Why the Council scaled back
Council negotiators said they were looking for new revenue to close budget gaps but did not want to hit middle-income proprietors as hard as the mayor’s team had suggested. The final language preserves a larger share of the credit for many pass-through owners than Mamdani’s original proposal would have. The vote was not unanimous, reflecting the political tension over who should absorb more of the city’s fiscal pain. As Crain's New York Business reported, Council leaders cast the package as a compromise designed to balance fresh revenue with protections for smaller businesses and households.
Who’s affected
The Unincorporated Business Tax credit typically goes to roughly 24,000 filers, giving them a break on their city personal income tax based on UBT paid by partnerships or sole proprietors. Under the revised formula, most low- and middle-income proprietors will hang on to a large portion of that credit, while the sharpest reductions land on very high-income filers and large pass-through owners. For the fine print on eligibility and how to claim the credit, the city directs taxpayers to guidance from the Department of Finance and the mayor’s budget materials, including the NYC Department of Finance.
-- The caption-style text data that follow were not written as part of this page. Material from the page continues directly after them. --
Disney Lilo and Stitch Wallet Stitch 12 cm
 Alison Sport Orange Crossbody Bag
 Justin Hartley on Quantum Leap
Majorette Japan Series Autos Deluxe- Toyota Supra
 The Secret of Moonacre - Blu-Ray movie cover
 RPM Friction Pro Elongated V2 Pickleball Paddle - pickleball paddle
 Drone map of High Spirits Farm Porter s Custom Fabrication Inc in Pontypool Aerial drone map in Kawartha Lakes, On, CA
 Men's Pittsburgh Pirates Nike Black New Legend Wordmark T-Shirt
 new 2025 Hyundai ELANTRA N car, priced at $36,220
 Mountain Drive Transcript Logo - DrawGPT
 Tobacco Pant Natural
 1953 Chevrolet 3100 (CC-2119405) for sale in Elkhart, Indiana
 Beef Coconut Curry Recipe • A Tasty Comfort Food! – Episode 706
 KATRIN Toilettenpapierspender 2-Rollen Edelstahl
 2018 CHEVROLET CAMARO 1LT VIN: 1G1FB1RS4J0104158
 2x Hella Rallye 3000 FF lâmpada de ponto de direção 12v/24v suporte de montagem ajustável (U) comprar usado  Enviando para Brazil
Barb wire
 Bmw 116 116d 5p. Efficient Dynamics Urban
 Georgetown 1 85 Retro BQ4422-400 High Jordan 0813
Legal and tax implications
Because the change is both effective immediately and retroactive to January 1, 2026, some taxpayers who already filed 2026 returns may have to revisit their paperwork and possibly file amendments with their accountants. The Council’s local law explicitly makes the adjustment retroactive, and the city’s tax agencies typically follow with administrative guidance and technical corrections in the weeks after a tax change is enacted. Taxpayers with questions are advised to consult professional tax counsel or contact the Department of Finance for specific instructions.